A veces, el cálculo de los multiplicadores es lo que constituye el centro de la polémica, así como el origen de problemas muy importantes. Eso es lo que ha ocurrido en Europa en los últimos años, cuando la llamada troika (la Unión Europea, el Banco Central Europeo y el Fondo Monetario Internacional) defendía que se redujera lo más rápidamente posible el gasto público porque todos sus miembros pensaban que eso no iba a tener apenas efecto sobre la renta. Afirmaban que su efecto multiplicador era muy bajo, en contra de lo que pensaban los economistas críticos con esas políticas de recorte de gasto. Sin embargo, con el paso del tiempo, el propio Fondo Monetario Internacional tuvo que reconocer que durante treinta años ha calculado muy a la baja los multiplicadores fiscales y que en Europa estarían entre 0,9 y 1,7 durante la última crisis,56 aunque algunos investigadores han llegado a cifrarlos en 3.
Es fácil deducir el efecto dramático de esos «errores»: se reduce un euro el gasto creyendo que sólo se reducirá la renta en 0,5 y lo que ocurre en realidad es que baja en 1,7.
Estas son las consecuencias de que los economistas se acerquen a la realidad sin quitarse el velo de sus prejuicios y buscando tan sólo las cifras y los  datos  que  conformen  sus  proposiciones  más  que  los  que  de  verdad reflejen lo que está sucediendo realmente. Es muy probable que, si una autoridad verdaderamente independiente hubiera abordado esos cálculos, quizá no se hubieran producido los daños que ha ocasionado en Europa la adopción de una política fiscal y económica basada, en general, en hipótesis y datos equivocados. Y el caso muestra una vez más los terribles efectos sobre el bienestar humano que tiene la ideologización de la política económica, el permitir que las autoridades se dejen llevar por prejuicios que en realidad son la envoltura retórica de medidas que al final, simplemente, vienen a engordar el bolsillo de los mismos de siempre.
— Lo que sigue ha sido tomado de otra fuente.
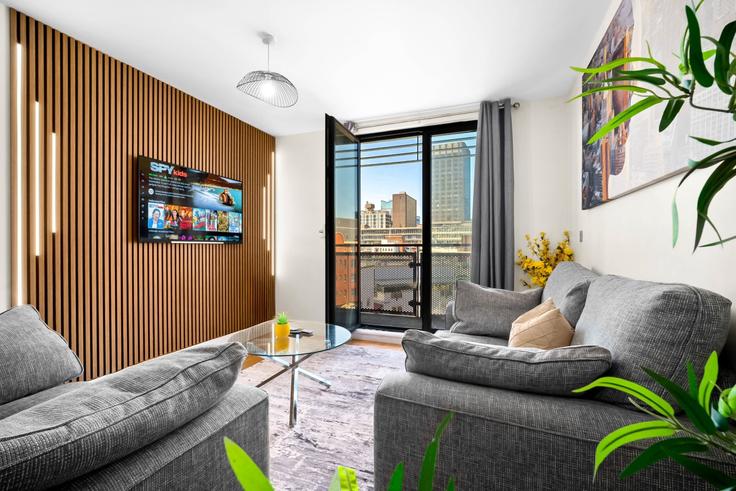 Salle de séjour élégante avec mobilier moderne dans un appartement à Building Hurst Walk - nuvo-hotel-group-ltd - 1537815 à Birmingham District, Birmingham Salle de séjour élégante avec mobilier moderne dans un appartement à Building Hurst Walk - nuvo-hotel-group-ltd - 1537815 à Birmingham District, Birmingham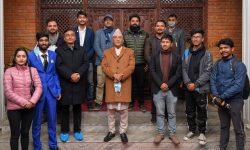 प्रधानमन्त्रीले दाह्री ग्याङका सदस्यसँग गरे भेट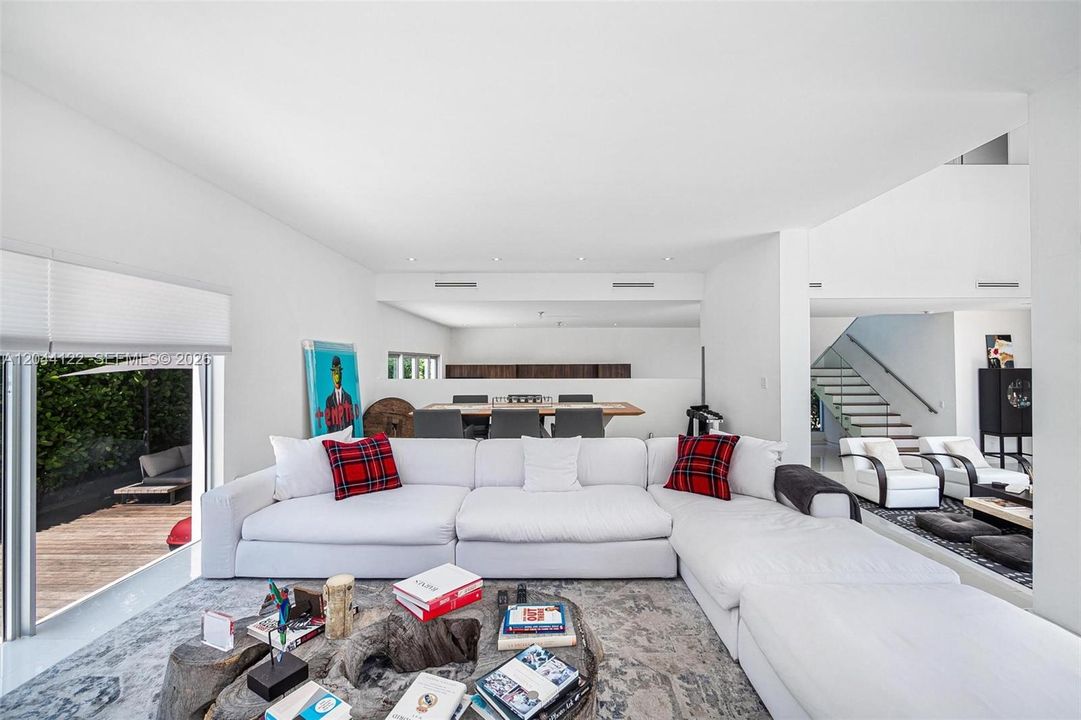For Rent: $14,950 (3 beds, 3 baths, 3107 Square Feet)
Porque ése, y no otro, ha sido el efecto principal de estas políticas.
Y, por último, aunque no por ello menos importante, esto evidencia también lo peligrosos que podemos llegar a ser los economistas cuando, en lugar de ayudar a pensar y decidir, nos dedicamos a adoctrinar dejándonos llevar por la ideología, las creencias cuasi religiosas y los intereses.

Citas


55. Para hacerse una idea bastante aproximada de lo que representan en euros esos porcentajes puede considerarse que, en 2015, el PIB español fue de un billón de euros, en números redondos.